Everything in the records below from the line containing "For a final" through the line containing "So this panel, like" is to be reproduced exactly, those two lines included; no picture is to be copied.

(Data for review)

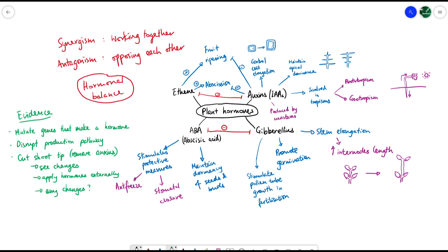So there you have it — an overview of the four plant hormones covered in this chapter, a brief overview of their roles and effects, the concept of hormonal balance, and the evidence scientists have gathered for understanding how plant hormones work. In later videos within this plant hormones playlist, we'll look at how cell elongation actually works, how abscission occurs, plant growth and development in more detail, and how farmers can use their knowledge of plant hormones to influence crop growth and maximize profit.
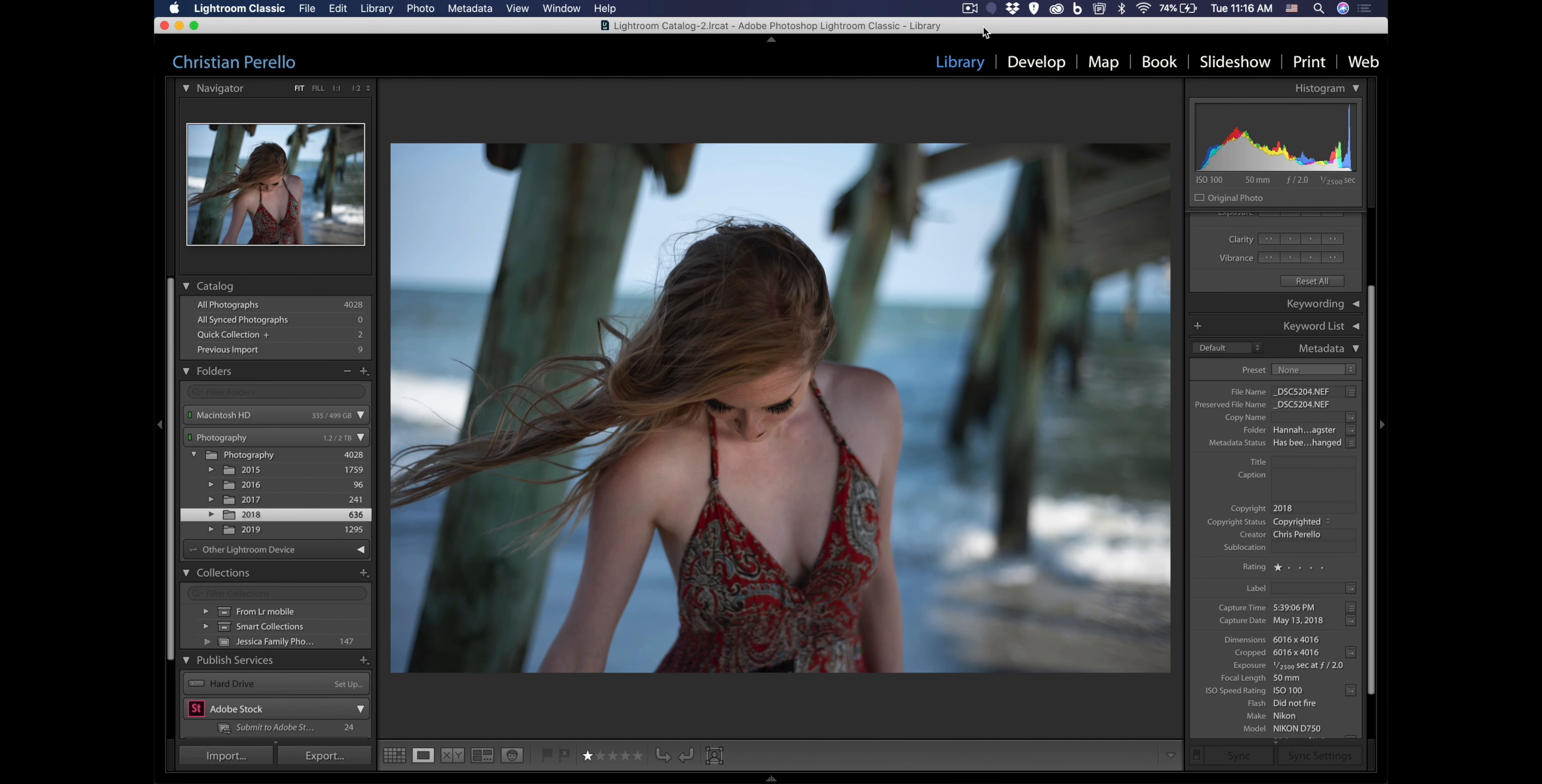Hey guys, welcome back to my channel. Today we're going to do a retouch of this model that I worked with last year. She's a good friend as well and so let's go ahead and get started.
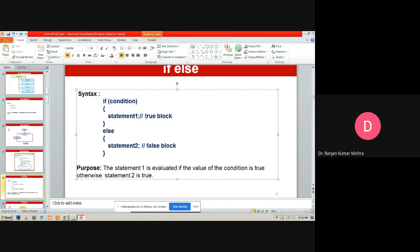In the `if-else` syntax, the true block executes when the condition is true, and the false block (the else part) executes when the condition is false. In case of a single statement, curly braces are optional. However, when the true block or false block contains multiple statements, curly braces must be used — otherwise it will generate a logical error during execution.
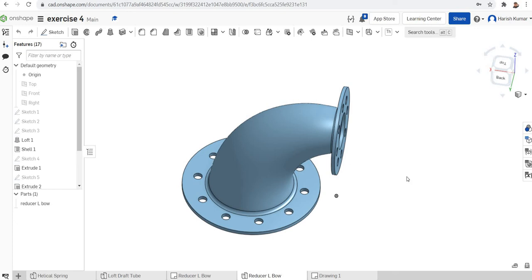Welcome to the 9th session on online 3D modeling using the Onshape platform. The main aim of this tutorial is to introduce the loft feature. The basic difference between a sweep feature and a loft feature is that in a sweep, the profile you sweep through the trajectory won't change. If you are sweeping a circle, it stays circular throughout.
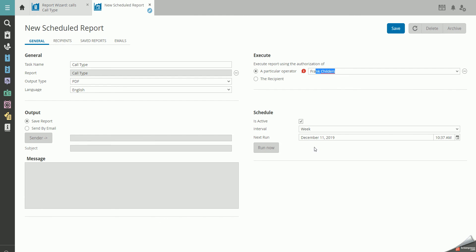Under Schedule, decide how often you want the report to run. In this example, we want to run it every month.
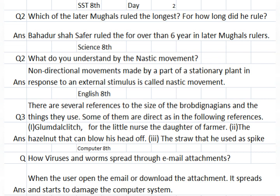Science Class 8: What do you understand by nastic movements? Non-directional movements made by a part of a stationary plant in response to an external stimulus are called nastic movements.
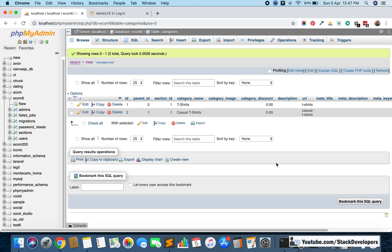Hello everyone, welcome to part 20 of the advanced ecom series in Laravel 7. We will continue working on the categories module. In the last video we created the categories table using migration and added two categories using seeding. In this video we are going to display these categories in the admin panel.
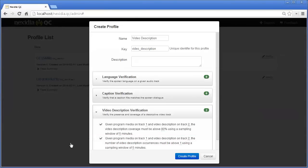For a final example, we will configure a profile for video description verification. These tests are based on dividing media up into windows. The first one is configured to use a window size of 5 minutes and specifies that 80% of those windows must contain an occurrence of video description.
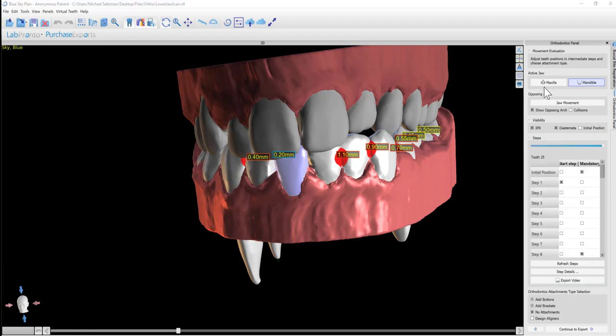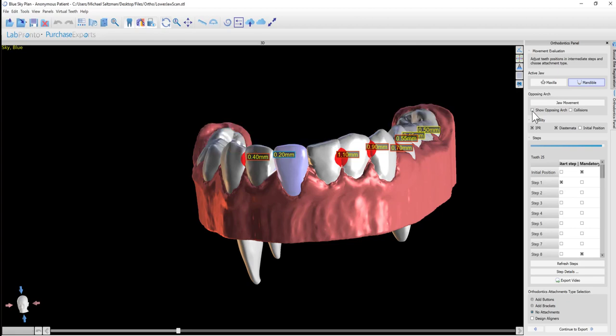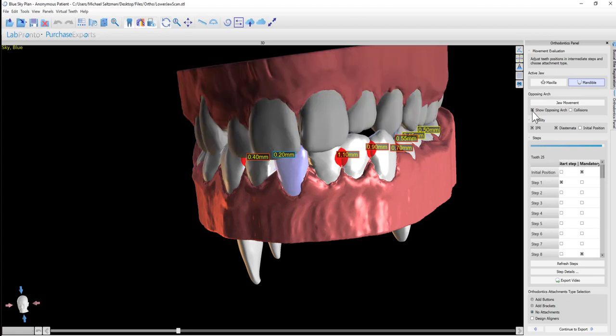So this panel, like our other panels, have the option to view the maxilla, the mandible, or we could have show opposing arch selected that shows us both at the same time.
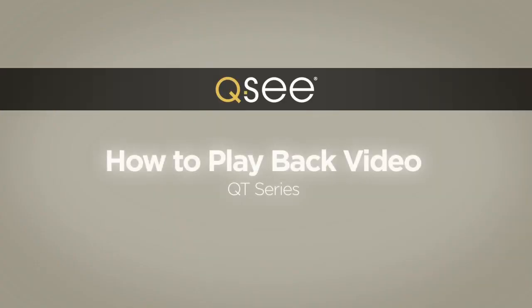QC DVRs have a user-friendly interface which makes it easy to play back video and review what's been recorded on demand. Here are the simple steps for the QT series.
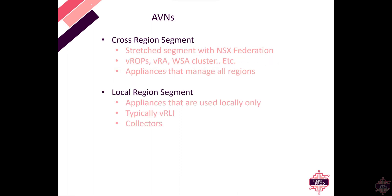There are two AVNs, the cross region and the local region segments. The cross region segment is stretched between regions with federation or if you're using VLAN backed then stretched VLAN.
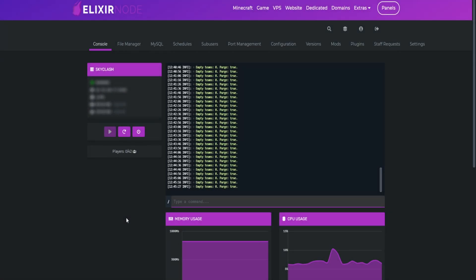Hey, it's Lash from Elixirnode and today I'm going to be showing you how to change your default world name.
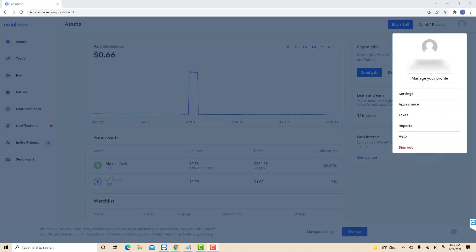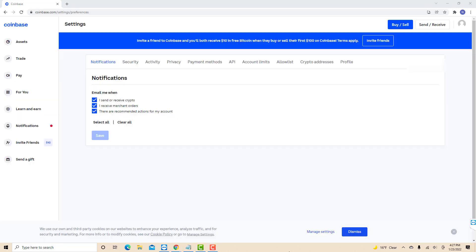Then several options will appear. Click on the option that says settings. On this page, you will see several tabs. Click on the account limits tab.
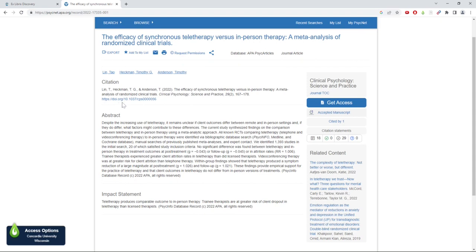First, see if you can locate the DOI number of the article you want to access and copy it. The DOI number will always start with the number 10.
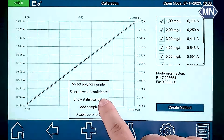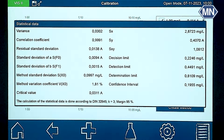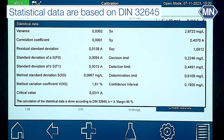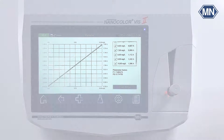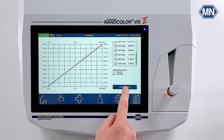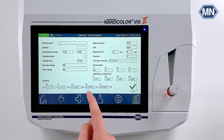To review the statistical data of your method, select show statistical data. The displayed statistics are based on DIN 32645. When you are satisfied with the statistics of your new method, press create method to complete the calibration process.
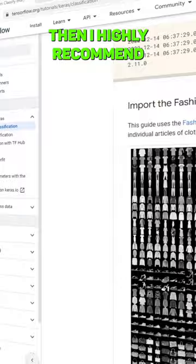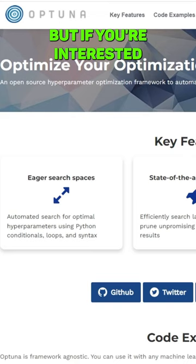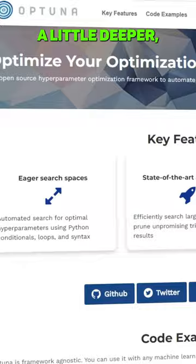If you're interested in deep learning, then I highly recommend you also take a look at TensorFlow or PyTorch. But if you're interested in getting into something a little deeper, then also check out Optuna — this is an optimization framework that allows you to eke out the very best out of your machine learning algorithms.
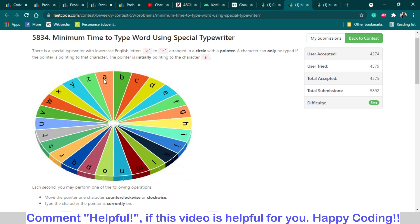For example, if we have to move from A to B: moving clockwise we move just one step. Moving anti-clockwise we have to make 25 movements. For Z, if we move counterclockwise, we have to make just one movement, and clockwise we have to make 25 movements. We have to pick the minimum of the two.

(End Data for review)

Written solution ▸
For a final example, we will configure a profile for video description verification. These tests are based on dividing media up into windows. The first one is configured to use a window size of 5 minutes and specifies that 80% of those windows must contain an occurrence of video description.
So this panel, like our other panels, have the option to view the maxilla, the mandible, or we could have show opposing arch selected that shows us both at the same time.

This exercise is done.